2. Benchmark solution#
2.1. Calculation method used for the reference solution#
The aim is to impose a stress state with axial symmetry and whose components \({\sigma }_{\mathit{rr}}\), \({\sigma }_{\theta \theta }\), \({\sigma }_{\mathit{zz}}\) and \({\sigma }_{\mathit{rz}}\) do not depend on the position \((r,z)\) step. We are also restricted to the situation where \({\sigma }_{\mathit{rr}}={\sigma }_{\theta \theta }\). The equations of equilibrium in the volume are verified as long as a vertical volume force is imposed:
\({f}_{z}=-\frac{{\sigma }_{\mathit{rz}}}{r}\)
The equilibrium equations at the edges of the cylinder require the imposition of surface forces \(T\) equal to \(\sigma \cdot n\) where \(n\) designates the outgoing normal to the surface. They are written:
top edge \(z=H\): \(T={\sigma }_{\mathit{zz}}{e}_{z}+{\sigma }_{\mathit{rz}}{e}_{r}\)
bottom edge \(z=0\): \(T=-{\sigma }_{\mathit{zz}}{e}_{z}-{\sigma }_{\mathit{rz}}{e}_{r}\)
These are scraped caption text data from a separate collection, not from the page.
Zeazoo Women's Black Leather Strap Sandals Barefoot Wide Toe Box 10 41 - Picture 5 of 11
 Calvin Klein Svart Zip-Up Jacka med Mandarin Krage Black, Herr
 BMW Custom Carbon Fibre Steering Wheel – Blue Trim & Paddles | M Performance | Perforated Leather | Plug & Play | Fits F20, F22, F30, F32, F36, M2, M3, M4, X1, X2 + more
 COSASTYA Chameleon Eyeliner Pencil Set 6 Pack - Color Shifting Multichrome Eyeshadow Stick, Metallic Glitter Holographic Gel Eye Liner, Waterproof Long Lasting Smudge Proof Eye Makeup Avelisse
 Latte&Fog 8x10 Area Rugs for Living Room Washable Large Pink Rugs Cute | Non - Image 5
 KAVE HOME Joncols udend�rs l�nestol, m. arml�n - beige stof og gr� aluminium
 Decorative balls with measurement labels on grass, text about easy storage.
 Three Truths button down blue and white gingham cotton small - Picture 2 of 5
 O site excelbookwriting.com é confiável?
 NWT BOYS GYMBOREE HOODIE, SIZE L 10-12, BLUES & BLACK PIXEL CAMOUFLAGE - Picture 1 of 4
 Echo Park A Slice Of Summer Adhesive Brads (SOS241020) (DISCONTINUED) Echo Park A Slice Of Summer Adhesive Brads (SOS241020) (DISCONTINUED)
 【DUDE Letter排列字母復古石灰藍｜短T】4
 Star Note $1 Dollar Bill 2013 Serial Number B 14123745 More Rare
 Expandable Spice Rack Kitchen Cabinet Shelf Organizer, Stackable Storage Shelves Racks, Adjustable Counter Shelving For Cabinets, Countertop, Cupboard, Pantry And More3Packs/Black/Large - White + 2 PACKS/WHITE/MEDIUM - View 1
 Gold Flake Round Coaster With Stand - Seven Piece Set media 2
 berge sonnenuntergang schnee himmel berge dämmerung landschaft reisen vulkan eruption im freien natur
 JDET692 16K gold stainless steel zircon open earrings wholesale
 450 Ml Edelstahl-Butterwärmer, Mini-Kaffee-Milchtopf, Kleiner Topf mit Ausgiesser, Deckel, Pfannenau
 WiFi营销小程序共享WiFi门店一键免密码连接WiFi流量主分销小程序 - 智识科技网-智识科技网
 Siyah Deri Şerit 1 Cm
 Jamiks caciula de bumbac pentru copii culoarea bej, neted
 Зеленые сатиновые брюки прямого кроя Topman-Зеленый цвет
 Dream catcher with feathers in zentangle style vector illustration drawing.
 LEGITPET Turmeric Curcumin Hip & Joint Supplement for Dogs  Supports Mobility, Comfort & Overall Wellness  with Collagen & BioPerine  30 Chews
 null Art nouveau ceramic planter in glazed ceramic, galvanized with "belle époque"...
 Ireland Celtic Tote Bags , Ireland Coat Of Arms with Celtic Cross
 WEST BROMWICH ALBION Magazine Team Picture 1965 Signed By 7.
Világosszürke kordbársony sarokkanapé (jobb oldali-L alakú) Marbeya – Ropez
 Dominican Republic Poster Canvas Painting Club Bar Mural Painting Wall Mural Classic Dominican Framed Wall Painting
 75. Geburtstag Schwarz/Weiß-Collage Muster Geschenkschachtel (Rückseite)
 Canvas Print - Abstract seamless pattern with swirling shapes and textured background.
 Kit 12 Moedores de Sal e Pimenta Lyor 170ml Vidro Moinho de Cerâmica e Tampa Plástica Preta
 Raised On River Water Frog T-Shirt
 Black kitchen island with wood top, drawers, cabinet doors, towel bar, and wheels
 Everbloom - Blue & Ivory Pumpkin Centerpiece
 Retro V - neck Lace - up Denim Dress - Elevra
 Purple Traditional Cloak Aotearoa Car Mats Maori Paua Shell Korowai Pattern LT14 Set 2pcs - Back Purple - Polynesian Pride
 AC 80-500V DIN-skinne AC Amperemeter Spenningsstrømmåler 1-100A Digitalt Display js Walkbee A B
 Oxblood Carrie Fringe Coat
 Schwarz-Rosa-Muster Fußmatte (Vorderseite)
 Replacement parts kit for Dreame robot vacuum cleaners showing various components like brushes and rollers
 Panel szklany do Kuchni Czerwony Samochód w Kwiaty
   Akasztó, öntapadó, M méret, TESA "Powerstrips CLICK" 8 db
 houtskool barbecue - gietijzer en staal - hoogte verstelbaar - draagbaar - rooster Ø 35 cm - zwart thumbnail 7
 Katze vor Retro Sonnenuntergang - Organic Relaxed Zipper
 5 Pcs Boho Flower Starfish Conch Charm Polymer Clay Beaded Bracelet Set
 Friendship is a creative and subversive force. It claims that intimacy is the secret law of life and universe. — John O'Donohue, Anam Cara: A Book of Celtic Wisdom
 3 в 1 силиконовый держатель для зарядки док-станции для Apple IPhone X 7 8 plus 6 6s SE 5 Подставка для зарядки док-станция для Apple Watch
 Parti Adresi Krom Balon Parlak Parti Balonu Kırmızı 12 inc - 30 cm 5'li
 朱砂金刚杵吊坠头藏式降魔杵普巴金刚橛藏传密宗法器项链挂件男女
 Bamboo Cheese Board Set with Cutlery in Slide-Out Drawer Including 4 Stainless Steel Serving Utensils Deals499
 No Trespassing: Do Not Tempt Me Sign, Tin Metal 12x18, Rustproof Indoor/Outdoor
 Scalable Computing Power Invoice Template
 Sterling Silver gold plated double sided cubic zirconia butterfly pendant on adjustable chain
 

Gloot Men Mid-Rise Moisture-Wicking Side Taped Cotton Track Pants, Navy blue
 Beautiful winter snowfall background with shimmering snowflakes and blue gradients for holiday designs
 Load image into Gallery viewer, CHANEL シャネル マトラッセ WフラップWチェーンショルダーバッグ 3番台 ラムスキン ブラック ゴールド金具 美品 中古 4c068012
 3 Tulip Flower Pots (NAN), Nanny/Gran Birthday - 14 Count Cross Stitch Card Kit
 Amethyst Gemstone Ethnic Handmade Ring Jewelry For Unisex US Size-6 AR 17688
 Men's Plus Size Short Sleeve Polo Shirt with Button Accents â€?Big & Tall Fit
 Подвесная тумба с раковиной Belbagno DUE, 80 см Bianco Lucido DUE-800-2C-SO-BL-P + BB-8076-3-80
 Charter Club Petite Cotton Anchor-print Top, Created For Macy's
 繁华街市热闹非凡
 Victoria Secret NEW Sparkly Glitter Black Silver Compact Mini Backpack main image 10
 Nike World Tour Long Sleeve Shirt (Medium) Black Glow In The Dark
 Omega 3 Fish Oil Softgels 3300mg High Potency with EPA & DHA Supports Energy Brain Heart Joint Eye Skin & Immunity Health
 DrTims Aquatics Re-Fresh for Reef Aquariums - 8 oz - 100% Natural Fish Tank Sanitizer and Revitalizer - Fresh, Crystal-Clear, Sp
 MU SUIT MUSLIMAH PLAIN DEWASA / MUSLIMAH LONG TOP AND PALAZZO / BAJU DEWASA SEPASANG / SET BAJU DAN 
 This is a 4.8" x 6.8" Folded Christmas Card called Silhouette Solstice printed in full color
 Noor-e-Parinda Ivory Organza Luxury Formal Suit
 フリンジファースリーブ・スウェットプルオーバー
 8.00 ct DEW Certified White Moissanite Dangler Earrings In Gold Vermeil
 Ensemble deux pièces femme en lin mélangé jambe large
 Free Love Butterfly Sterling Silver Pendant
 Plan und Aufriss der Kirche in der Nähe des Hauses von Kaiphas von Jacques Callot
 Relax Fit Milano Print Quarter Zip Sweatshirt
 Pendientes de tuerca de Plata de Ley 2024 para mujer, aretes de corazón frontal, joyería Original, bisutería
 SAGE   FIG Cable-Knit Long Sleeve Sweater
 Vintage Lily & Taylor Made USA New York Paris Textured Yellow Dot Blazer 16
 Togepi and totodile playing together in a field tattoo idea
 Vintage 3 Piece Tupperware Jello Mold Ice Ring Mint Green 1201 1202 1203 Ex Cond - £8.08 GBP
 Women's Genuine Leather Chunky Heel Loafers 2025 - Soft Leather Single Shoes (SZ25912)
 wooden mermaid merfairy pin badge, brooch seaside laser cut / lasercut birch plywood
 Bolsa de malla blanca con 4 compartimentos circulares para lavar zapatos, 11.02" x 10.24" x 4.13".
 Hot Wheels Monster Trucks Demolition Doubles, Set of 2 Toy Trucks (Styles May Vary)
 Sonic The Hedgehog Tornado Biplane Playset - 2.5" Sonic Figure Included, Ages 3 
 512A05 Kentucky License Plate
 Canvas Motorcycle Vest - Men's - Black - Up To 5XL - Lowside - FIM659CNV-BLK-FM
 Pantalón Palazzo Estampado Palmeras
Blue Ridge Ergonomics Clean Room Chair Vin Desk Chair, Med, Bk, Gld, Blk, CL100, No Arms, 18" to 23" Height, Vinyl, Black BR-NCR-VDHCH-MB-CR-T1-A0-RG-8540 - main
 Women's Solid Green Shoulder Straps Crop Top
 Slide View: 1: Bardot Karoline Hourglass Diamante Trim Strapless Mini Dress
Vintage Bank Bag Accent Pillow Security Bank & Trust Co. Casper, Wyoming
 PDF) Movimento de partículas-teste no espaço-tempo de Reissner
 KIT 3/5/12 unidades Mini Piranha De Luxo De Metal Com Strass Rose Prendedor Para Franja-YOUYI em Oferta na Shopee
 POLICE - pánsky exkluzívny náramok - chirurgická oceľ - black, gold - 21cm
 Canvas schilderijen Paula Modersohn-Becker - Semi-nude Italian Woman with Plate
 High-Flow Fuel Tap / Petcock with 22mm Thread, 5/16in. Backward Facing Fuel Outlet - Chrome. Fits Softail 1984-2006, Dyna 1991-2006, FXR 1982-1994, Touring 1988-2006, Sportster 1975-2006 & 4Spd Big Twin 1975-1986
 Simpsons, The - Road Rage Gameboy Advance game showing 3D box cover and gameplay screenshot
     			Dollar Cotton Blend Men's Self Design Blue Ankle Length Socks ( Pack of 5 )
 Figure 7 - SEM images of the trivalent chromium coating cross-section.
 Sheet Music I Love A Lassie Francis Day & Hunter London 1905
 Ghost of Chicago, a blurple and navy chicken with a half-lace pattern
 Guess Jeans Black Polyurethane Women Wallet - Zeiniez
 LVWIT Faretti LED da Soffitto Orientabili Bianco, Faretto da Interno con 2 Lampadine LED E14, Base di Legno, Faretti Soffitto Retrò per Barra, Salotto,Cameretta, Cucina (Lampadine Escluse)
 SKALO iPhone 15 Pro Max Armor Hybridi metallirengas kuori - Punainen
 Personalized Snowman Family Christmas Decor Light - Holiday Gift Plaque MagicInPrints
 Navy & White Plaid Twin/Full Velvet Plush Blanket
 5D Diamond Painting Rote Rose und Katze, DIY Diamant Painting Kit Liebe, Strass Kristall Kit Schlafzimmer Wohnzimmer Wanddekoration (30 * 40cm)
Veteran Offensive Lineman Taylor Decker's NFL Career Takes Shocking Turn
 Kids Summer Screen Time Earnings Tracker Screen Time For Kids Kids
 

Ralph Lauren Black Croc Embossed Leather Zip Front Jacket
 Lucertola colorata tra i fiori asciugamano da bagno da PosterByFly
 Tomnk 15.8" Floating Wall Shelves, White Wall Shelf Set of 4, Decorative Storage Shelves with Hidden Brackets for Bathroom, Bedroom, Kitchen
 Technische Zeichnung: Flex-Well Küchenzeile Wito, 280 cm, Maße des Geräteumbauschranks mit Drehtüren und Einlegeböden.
inner wall \(r={R}_{i}\): \(T=-{\sigma }_{\mathit{rr}}{e}_{r}-{\sigma }_{\mathit{rz}}{e}_{z}\)
outer wall \(r={R}_{e}\): \(T={\sigma }_{\mathit{rr}}{e}_{r}+{\sigma }_{\mathit{rz}}{e}_{z}\)
The constraint field is then in balance with the imposed load.
Given the form of the behavioral equations, in particular their isotropy, the components of the deformation field in the cylindrical coordinate system are also constant (in space) and are limited to \({\epsilon }_{\mathit{rr}}={\epsilon }_{\theta \theta }\), \({\epsilon }_{\mathit{zz}}\) and \({\epsilon }_{\mathit{rz}}\). This deformation field is geometrically compatible with the following field of displacement (with axial symmetry):
\({u}_{r}={\epsilon }_{\mathit{rr}}r\text{;}{u}_{z}={\epsilon }_{\mathit{zz}}z+2{\epsilon }_{\mathit{rz}}(r-{R}_{i})\)
where we set the integration constant so that \({u}_{z}({R}_{i}\mathrm{,0})=0\), a boundary condition that blocks the movement of rigid bodies.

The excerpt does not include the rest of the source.